Task prompt:
The answer must consist of the records below, repeated exactly.
***** Recorded information
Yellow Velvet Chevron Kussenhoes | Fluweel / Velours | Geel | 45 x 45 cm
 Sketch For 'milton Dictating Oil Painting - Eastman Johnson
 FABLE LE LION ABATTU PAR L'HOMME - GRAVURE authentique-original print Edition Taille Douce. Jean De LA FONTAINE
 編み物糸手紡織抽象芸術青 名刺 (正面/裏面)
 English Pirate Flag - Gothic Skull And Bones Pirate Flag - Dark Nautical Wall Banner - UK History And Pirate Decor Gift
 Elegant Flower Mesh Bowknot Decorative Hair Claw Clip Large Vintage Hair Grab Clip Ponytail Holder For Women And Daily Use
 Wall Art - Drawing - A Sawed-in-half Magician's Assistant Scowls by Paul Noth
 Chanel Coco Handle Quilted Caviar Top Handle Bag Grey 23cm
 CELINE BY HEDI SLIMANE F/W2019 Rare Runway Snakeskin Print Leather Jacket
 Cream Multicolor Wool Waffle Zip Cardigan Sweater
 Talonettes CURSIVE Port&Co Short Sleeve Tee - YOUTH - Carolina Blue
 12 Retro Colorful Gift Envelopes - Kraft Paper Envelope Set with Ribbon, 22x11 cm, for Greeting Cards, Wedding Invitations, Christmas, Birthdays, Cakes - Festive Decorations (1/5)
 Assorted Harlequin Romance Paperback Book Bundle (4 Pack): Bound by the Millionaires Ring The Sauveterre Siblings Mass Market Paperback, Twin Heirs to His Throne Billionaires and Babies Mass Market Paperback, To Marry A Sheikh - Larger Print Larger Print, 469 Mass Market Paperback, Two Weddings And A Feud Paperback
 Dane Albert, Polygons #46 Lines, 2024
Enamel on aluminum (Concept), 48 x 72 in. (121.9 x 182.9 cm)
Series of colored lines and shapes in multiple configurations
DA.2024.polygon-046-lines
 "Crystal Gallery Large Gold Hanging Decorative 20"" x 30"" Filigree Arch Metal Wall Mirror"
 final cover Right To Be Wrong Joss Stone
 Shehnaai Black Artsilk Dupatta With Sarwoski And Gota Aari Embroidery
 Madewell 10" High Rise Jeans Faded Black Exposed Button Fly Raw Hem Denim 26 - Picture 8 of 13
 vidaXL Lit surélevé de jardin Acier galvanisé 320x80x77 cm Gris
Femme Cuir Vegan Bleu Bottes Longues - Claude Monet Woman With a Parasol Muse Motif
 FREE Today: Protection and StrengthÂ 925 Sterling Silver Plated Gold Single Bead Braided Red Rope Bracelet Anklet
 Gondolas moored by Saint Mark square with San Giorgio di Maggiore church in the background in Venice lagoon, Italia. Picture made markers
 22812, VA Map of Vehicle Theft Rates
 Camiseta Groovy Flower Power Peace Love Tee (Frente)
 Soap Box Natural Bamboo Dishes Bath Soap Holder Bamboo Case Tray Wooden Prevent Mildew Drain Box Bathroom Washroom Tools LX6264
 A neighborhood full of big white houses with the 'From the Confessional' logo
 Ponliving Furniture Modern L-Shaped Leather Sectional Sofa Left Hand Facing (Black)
**********
Response to this exercise:
Yellow Velvet Chevron Kussenhoes | Fluweel / Velours | Geel | 45 x 45 cm
 Sketch For 'milton Dictating Oil Painting - Eastman Johnson
 FABLE LE LION ABATTU PAR L'HOMME - GRAVURE authentique-original print Edition Taille Douce. Jean De LA FONTAINE
 編み物糸手紡織抽象芸術青 名刺 (正面/裏面)
 English Pirate Flag - Gothic Skull And Bones Pirate Flag - Dark Nautical Wall Banner - UK History And Pirate Decor Gift
 Elegant Flower Mesh Bowknot Decorative Hair Claw Clip Large Vintage Hair Grab Clip Ponytail Holder For Women And Daily Use
 Wall Art - Drawing - A Sawed-in-half Magician's Assistant Scowls by Paul Noth
 Chanel Coco Handle Quilted Caviar Top Handle Bag Grey 23cm
 CELINE BY HEDI SLIMANE F/W2019 Rare Runway Snakeskin Print Leather Jacket
 Cream Multicolor Wool Waffle Zip Cardigan Sweater
 Talonettes CURSIVE Port&Co Short Sleeve Tee - YOUTH - Carolina Blue
 12 Retro Colorful Gift Envelopes - Kraft Paper Envelope Set with Ribbon, 22x11 cm, for Greeting Cards, Wedding Invitations, Christmas, Birthdays, Cakes - Festive Decorations (1/5)
 Assorted Harlequin Romance Paperback Book Bundle (4 Pack): Bound by the Millionaires Ring The Sauveterre Siblings Mass Market Paperback, Twin Heirs to His Throne Billionaires and Babies Mass Market Paperback, To Marry A Sheikh - Larger Print Larger Print, 469 Mass Market Paperback, Two Weddings And A Feud Paperback
 Dane Albert, Polygons #46 Lines, 2024
Enamel on aluminum (Concept), 48 x 72 in. (121.9 x 182.9 cm)
Series of colored lines and shapes in multiple configurations
DA.2024.polygon-046-lines
 "Crystal Gallery Large Gold Hanging Decorative 20"" x 30"" Filigree Arch Metal Wall Mirror"
 final cover Right To Be Wrong Joss Stone
 Shehnaai Black Artsilk Dupatta With Sarwoski And Gota Aari Embroidery
 Madewell 10" High Rise Jeans Faded Black Exposed Button Fly Raw Hem Denim 26 - Picture 8 of 13
 vidaXL Lit surélevé de jardin Acier galvanisé 320x80x77 cm Gris
Femme Cuir Vegan Bleu Bottes Longues - Claude Monet Woman With a Parasol Muse Motif
 FREE Today: Protection and StrengthÂ 925 Sterling Silver Plated Gold Single Bead Braided Red Rope Bracelet Anklet
 Gondolas moored by Saint Mark square with San Giorgio di Maggiore church in the background in Venice lagoon, Italia. Picture made markers
 22812, VA Map of Vehicle Theft Rates
 Camiseta Groovy Flower Power Peace Love Tee (Frente)
 Soap Box Natural Bamboo Dishes Bath Soap Holder Bamboo Case Tray Wooden Prevent Mildew Drain Box Bathroom Washroom Tools LX6264
 A neighborhood full of big white houses with the 'From the Confessional' logo
 Ponliving Furniture Modern L-Shaped Leather Sectional Sofa Left Hand Facing (Black)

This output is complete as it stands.